Saya jadi ingat teman saya Ra. Beberapa waktu lalu rumah tangganya sempat goyang karena hal yang mirip. Ada teman perempuan suaminya yang curhat pada sang suami mengenai kasus hutang suami perempuan itu. Begitu “menderita”nya perempuan tersebut hingga suami Ra pun simpati. Lama kelamaan mereka jadi tambah dekat, apalagi ketika kemudian perempuan itu cerai dengan suaminya. Keadaan bertambah kacau buat Ra karena suami Ra lantas lebih suka curhat dengan perempuan itu ketimbang dengan istrinya sendiri dan mulai mengeluarkan sejumlah uang untuknya….Alhamdulillah pernikahan mereka yang sudah lebih dari sepuluh tahun itu bisa diselamatkan.
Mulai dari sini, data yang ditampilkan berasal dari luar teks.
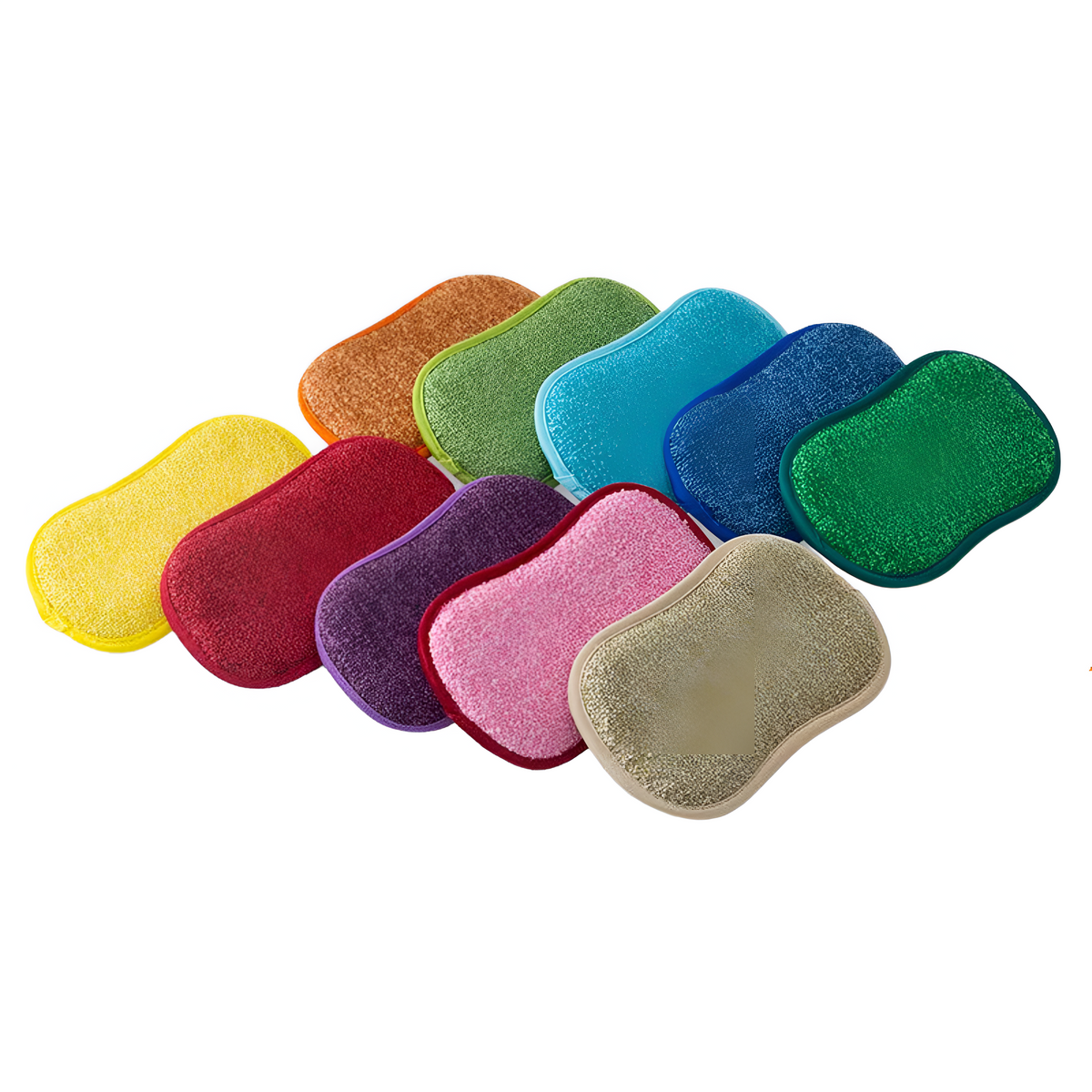Lot de Éponges de Cuisine Ergonomiques et Faciles à Utiliser dog travel bottle le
“Kamu tahu darimana tentang perempuan itu?” tanya saya.

“Dari sms-sms di HP suamiku,” tuturnya seraya mengatakan ia terinspirasi dari lagu “Sms Siapa” yang lagi booming kini. “Terpaksa…,” tambahnya.

“Mungkin dia cuma cerita, Mbak. Jangan curiga dulu,” kata saya meredakan. “Mungkin kita malah harus bersyukur pada Allah karena banyak orang yang percaya pada suami kita….”
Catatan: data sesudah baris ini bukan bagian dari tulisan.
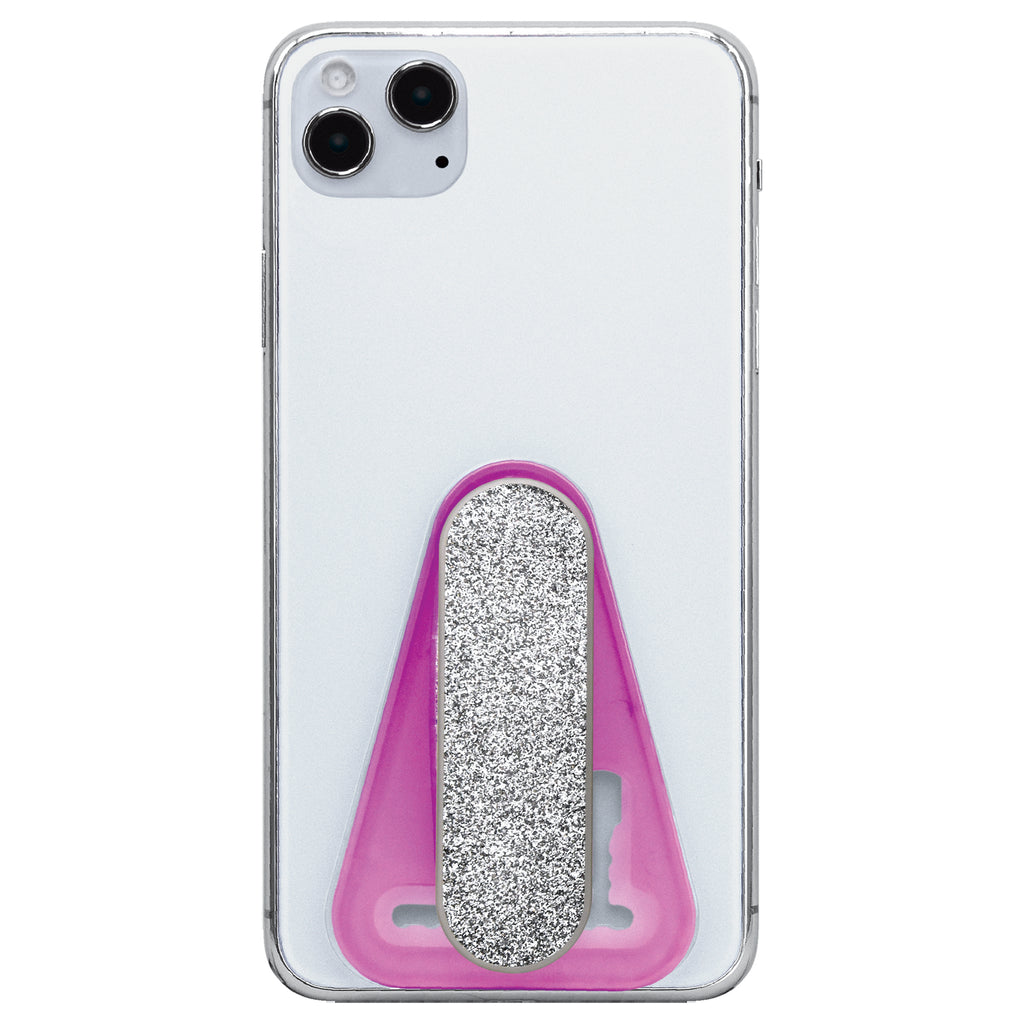 Silver Phone Grip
“Aku belajar dari pengalaman banyak teman lain, Vy. Awal gangguan dalam rumah tangga mereka ya dari curhat-curhat nggak mutu dan salah arah seperti ini….coba, nggak mungkin orang curhat kalau nggak ada simpati…dan kalau sudah simpati…mudah kok mengembangkannya menjadi cinta! Kalau “digoda” terus dengan cara begini lama-lama suami kita kan bisa berpaling! Lihat saja, dia bisa meminjamkan bahkan memberikan uang pada perempuan itu tanpa bicara dengan kita! Lalu…bagaimana kalau kita ditinggalkan?”
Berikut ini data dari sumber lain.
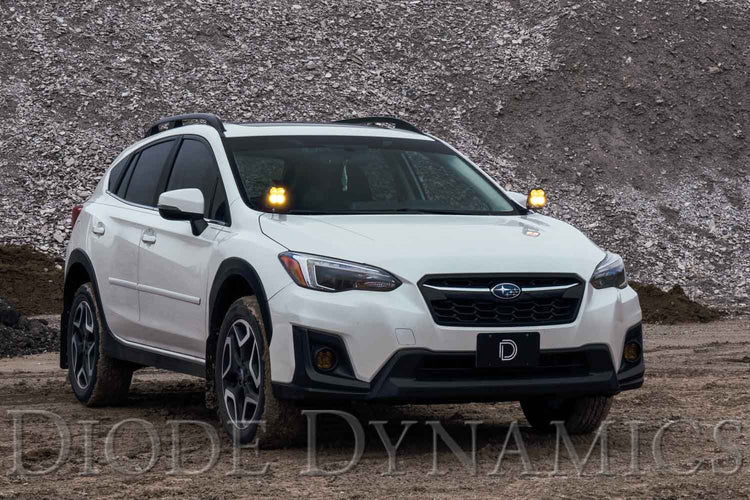 Stage Series Backlit Ditch Light Kit for 2018-2023 Subaru Crosstrek-1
Saya menarik napas tak panjang. Jadi ingat, suami saya juga sering jadi tempat curhat teman lelaki maupun perempuan. Saya selalu berprasangka baik. Suami saya itu kan cerdas, baik, pergaulannya luas, mungkin memang ia bisa sedikit membantu curhat yang berseliweran itu, membantu memecahkan atau memberi jalan keluar….Tapi saya tidak mungkin lupa bahwa saya juga pernah cemberut ketika ada seorang janda yang malam-malam telpon minta saran soal mantan suaminya. Malah telponnya lama sekali. Hampir satu setengah jam! Padahal perempuan itu kenal saya! Kenapa bukan bicara dengan saya ya? Untunglah suami saya dengan tegas berkata pada perempuan tersebut, “Nanti kalau mau cerita soal seperti ini dengan istri saya saja. Kayaknya dia bisa lebih banyak membantu daripada saya!”

Hening di telepon.

“Tanya aja deh Mbak baik-baik pada suami, tanpa nada curiga,” usul saya. “Tawarkan juga persahabatan dengan perempuan itu hingga selanjutnya kalau mau curhat, suami mbak bisa mengusulkan agar perempuan itu bisa curhat pada istrinya, pada Mbak. Atau bisa juga perempuan itu curhat pada kalian berdua. Kan lebih bagus….”

“Aku takut suamiku marah….”

Hmmmm yang begini nih….

“Kalau baik-baik…, masak doi marah sih mbak?”

Hanya terdengar suara tangisan.

“Udah, datang ke sini sekarang, Mbak. Curhat sama aku sambil buka puasa di sini! Jangan nangis gitu dong….”

Angin berhembus lebih kencang siang ini, di halaman rumah saya yang panas.